I saw green individuals first, then some that were a darker olive green, 


lighter brown ones, 


and then very dark brown ones all within one small area! Look at him! Isn't he gorgeous?


The dark katydids resembled their green counterparts, but the color was so different that I thought it would be good to document their songs. Would they be the same as those of the green male I recorded the month before? John invited me to bring a few home to photograph and record, since I would return them to their home as soon as I was able to obtain this documentation. 

First, I needed to get some closeup photos of the cerci (the male's posterior projections that can be used to determine the species). Katydids are not necessarily gracious and cooperative about letting humans photograph their anatomy, but my experience with meadow katydids has been that both males and females will ascend to the terrarium’s screen lid and walk upside down along it. 

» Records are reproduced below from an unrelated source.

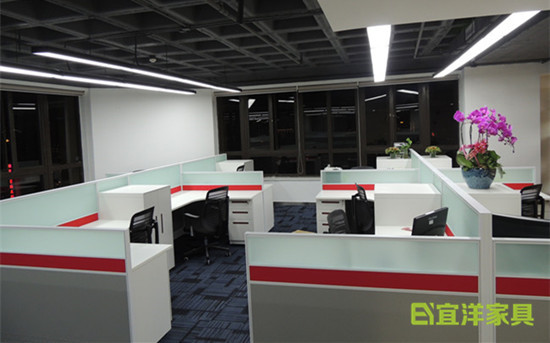 辦公家具廠家|宜洋屏風(fēng)工作位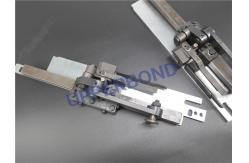 China 20 Cigarettes HLP2 Packing Machine Line Left And Right Slide Plate supplier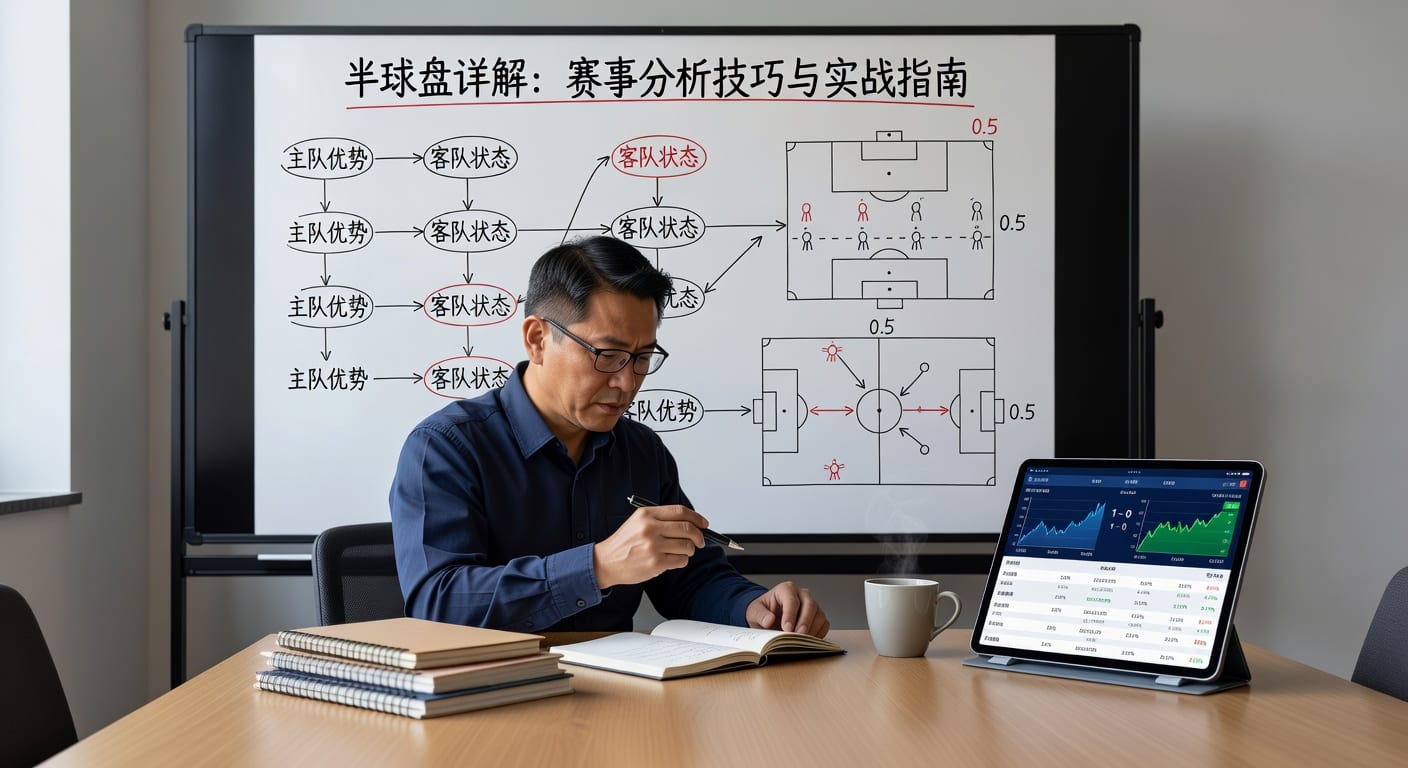 半球盘详解：赛事分析技巧与最新应用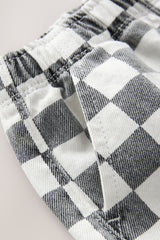 NEXT - NCNPB-Trousers-Black/White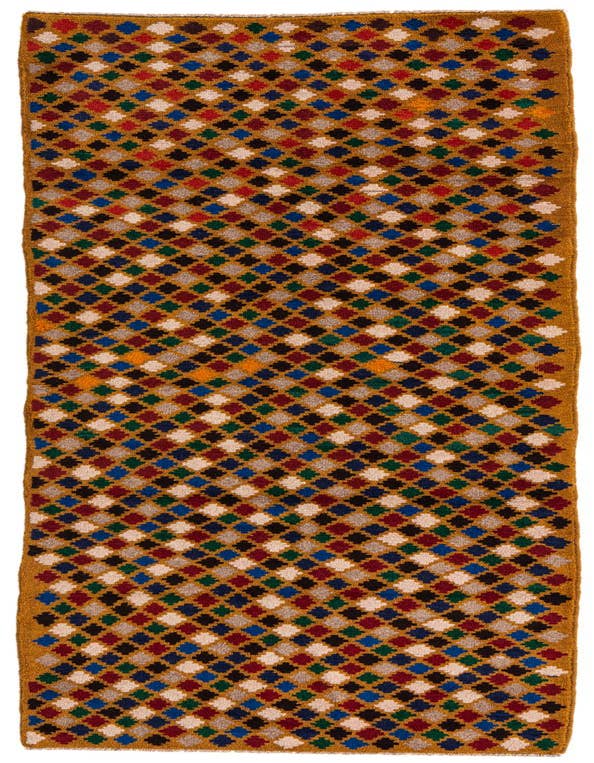 Detail image of 2' 9 x 9' 6 Hand Knotted Balouch Wool Runner Rug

I was right about the screen lid, but the male whose cerci I tried to photograph simply wouldn’t stand still and pose. I was persistent and eventually obtained a clear enough photo to show that the cerci were indeed the same as those of green males. 



And a recording? I used the same home studio recording process that worked with the green male and with the Fork-tailed Bush Katydid. Yes, both of the visiting males sang what was clearly a Straight-lanced song. There was a fast “whirr” followed by the slower, more decisive pattern.  In one lengthy proclamation, I counted the pulses at 24 per second for the fast whirr and only 8-9 per second for the slower passage. In others, the whirr was about twice the speed of the slower song.







The split-second pauses were present, and so were the bursts of more intense song illustrated by the dark brown individual's song above. The songs of the the brown males were consistent with those of the green male I'd recorded a month earlier.

Now that John and I both had photo documentation and I had recordings, it was time for these little beauties to return home. However, I had limited confidence in my ability to get them into traveling containers, as they are very accomplished jumpers. 

Instead, I took the terrariums themselves right to the exact spot where we'd caught these katydids, and then I removed the lids. The brown katydids leaped out and disappeared into the plants they knew so well.




How fortunate I am to have had the opportunity to see, photograph, and record them!